It still amazes me how many enterprise data warehousing/business intelligence (DW/BI) projects struggle, often to the point of paralysis, with the “Inmon/Kimball” debate. This impasse revolves around whether a DW/BI program should insist upon routing all information through a complex, third normal form (3NF) data layer or take it straight to a user-intelligible star schema repository from where it can be reported more or less directly. It’s easy to fault the 3NF for more than doubling the complexity, expense, and data latency of a DW/BI project, but also for being of zero direct value to the project sponsors and their stakeholders. On the other hand, projects that deliver data immediately to star schemas can quickly become complex themselves as the scope of the warehouse grows. When the conformed stars scale out, they too end up necessitating enormous reengineering efforts whenever the underlying business requirements change.
Truth is, neither of these architectural paradigms can be agile because they both result in inflexible juggernauts that defy economical impact analysis when new features are needed. Both approaches scale to installations that are so inscrutable and fragile that it becomes more economical simply to solve new requirements with new applications rather than updating the existing assets. Both the Inmon and Kimball approaches leave companies struggling with “legacy” warehouses.
One of the most promising solutions to this juggernaut problem revolves around data architectures that go beyond our traditional 3NF. Warehousing teams have achieved more robust designs when they push their target schemas past fourth and fifth normal forms into a variety of “hypernormal forms” (HNF). These forms include “data vault” forms, associative strategies, and even CJ Date’s new sixth normal form, where all attributes of a source schema should be shredded into something akin to key-value pairs when stored in a target system. My recent year of fieldwork revealed that, indeed, hypernormalized approaches yield warehouse designs that are far more robust in the face of changing requirements.
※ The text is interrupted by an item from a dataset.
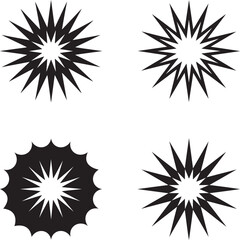 Starburst and Sunburst Geometric Y2K Vector Shapes Set. Minimalist Black Sparkle Icons. Y2K Style Designs. Badges, Labels, Explosions, Highlights, Retro Graphics, Comic Effects, Stickers, and Logos.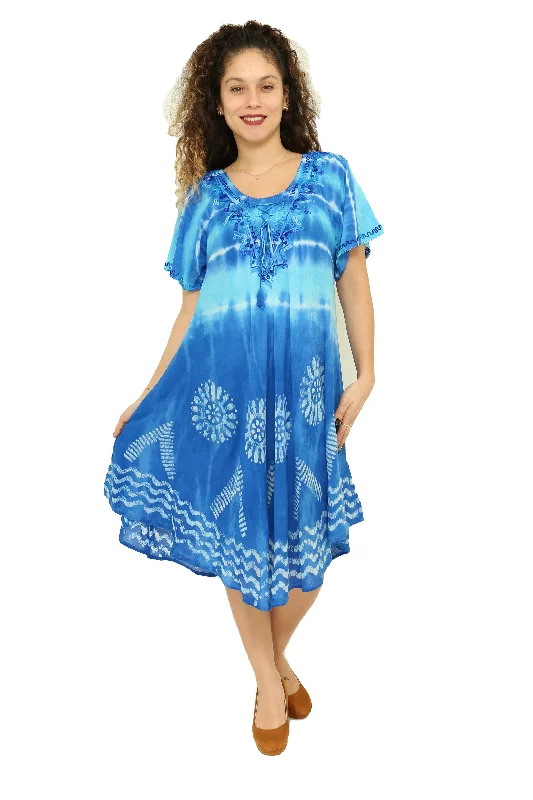 Ruffled Women Dress with Multiple Layers for a Playful and Girly StyleTie-Dye With Half Sleeves Rayon Sundress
There are several tool suites and practice communities that have demonstrated the commercial viability of HNF for large projects with tight budgets and even tighter deadlines. What I particularly appreciate is how these new solutions truly enable agile data warehousing by enabling and accelerating incremental warehouse delivery patterns.
In terms of engineering advantages, HNF yields target schemas that are what I call “three-way robust”:
- Teams can add small increments of functionality without undertaking massive reengineering.
- Modifications to existing database tables involve only local impacts.
- As the model grows, the cost of scaling the warehouse increases less than linearly.
My fieldwork’s most remarkable discovery, however, was how the epitome of hypernormalized tools truly enable the fourth tenet of the agile data warehousing manifesto, where we focus on “evolving data models over incrementing application code.” There are tools that can take business models and automatically generate 90% of the integration, presentation, and semantic layers for a team. By leveraging such technology, warehouse developers can focus on the remaining 10% where the business rules are complex and hand coding adds the greatest value. Such tools make the warehouse project and the entire organization agile because IT and business can now collaboratively model a small sliver of the warehouse, generate a user-tangible result, and evaluate it together. With the distraction and time lost to coding now reduced to a minimum, IT is able to rapidly address additional requirements step-by-step by evolving the information users can touch, keeping the business constantly involved in the partnership, and rapidly zeroing in on the exact operational insights the current business challenge demands.
So, the days of endless Inmon/Kimball debates are over. New tools and practices have moved the pivotal question far beyond “star schema versus third normal form.” DW/BI project kickoffs should now be immersing themselves in the question: “Which hypernormalized modeling technique and supporting toolset will work best for our organization?” It is the astounding improvements in programmer productivity and customer satisfaction this new generation of solutions allow that demands we make this change in mindset.